**Entries shown:**
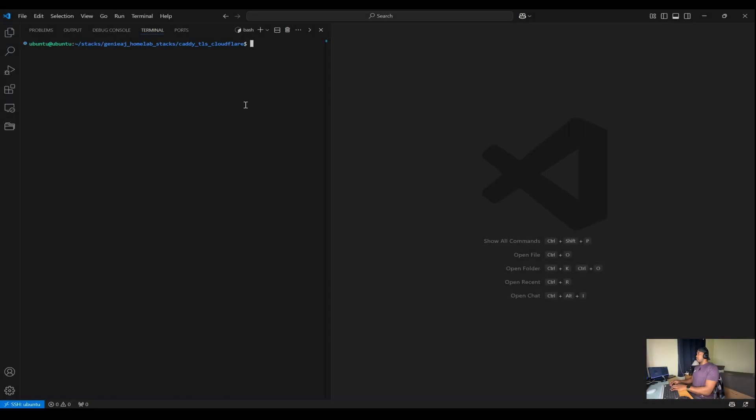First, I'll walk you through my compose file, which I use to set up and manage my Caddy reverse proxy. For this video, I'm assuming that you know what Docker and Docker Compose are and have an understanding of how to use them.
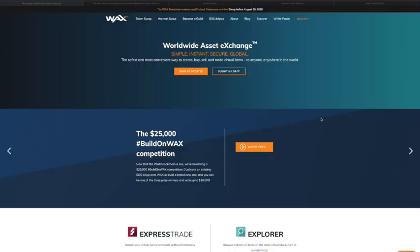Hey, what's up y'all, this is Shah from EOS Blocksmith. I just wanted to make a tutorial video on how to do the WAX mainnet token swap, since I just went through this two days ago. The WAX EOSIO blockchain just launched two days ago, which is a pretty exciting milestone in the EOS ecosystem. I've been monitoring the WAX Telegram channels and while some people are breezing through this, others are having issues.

--

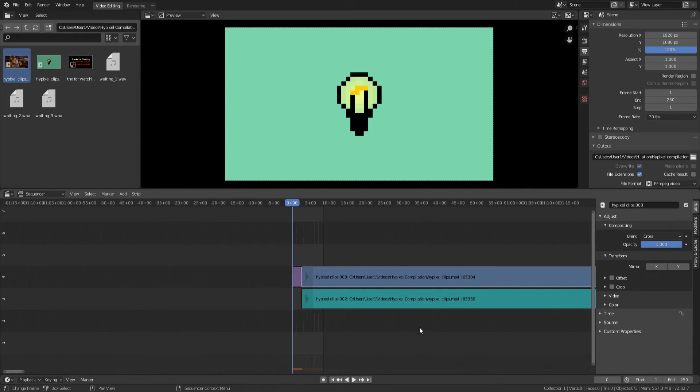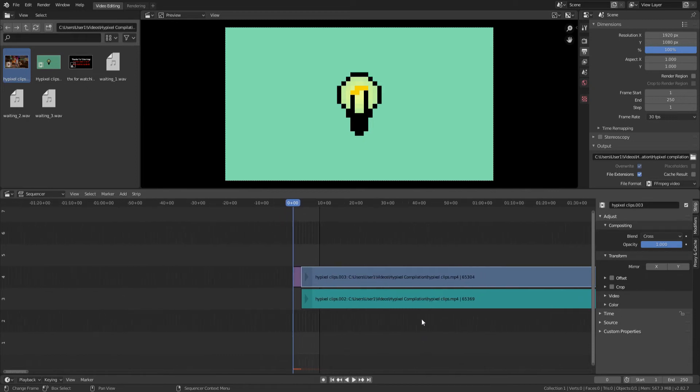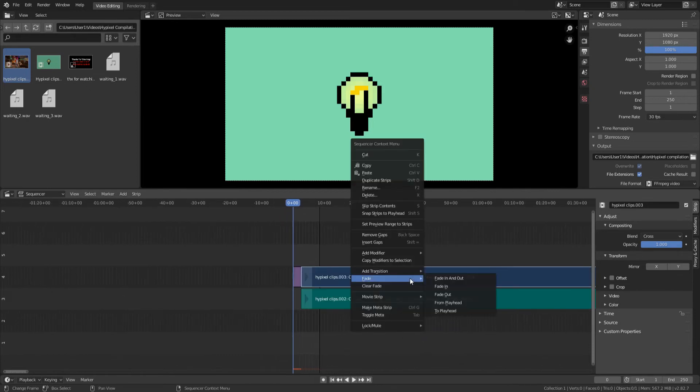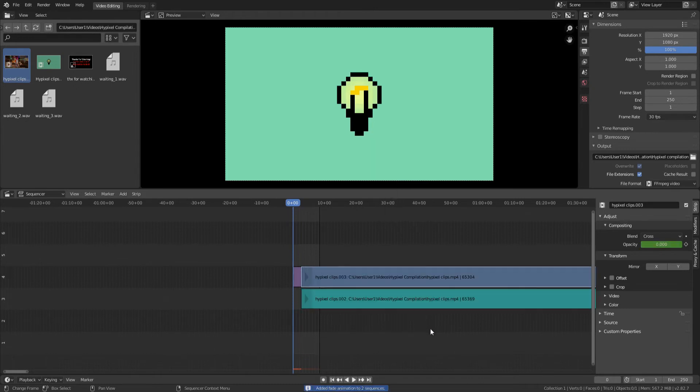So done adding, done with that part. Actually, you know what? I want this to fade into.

**What the task requires:** All that should be printed is the run of lines above from the one with "First, I'll walk" through the one with "Hey, what's up", both included, exactly as given, with pictures left out.

**Written answer:**
First, I'll walk you through my compose file, which I use to set up and manage my Caddy reverse proxy. For this video, I'm assuming that you know what Docker and Docker Compose are and have an understanding of how to use them.
Hey, what's up y'all, this is Shah from EOS Blocksmith. I just wanted to make a tutorial video on how to do the WAX mainnet token swap, since I just went through this two days ago. The WAX EOSIO blockchain just launched two days ago, which is a pretty exciting milestone in the EOS ecosystem. I've been monitoring the WAX Telegram channels and while some people are breezing through this, others are having issues.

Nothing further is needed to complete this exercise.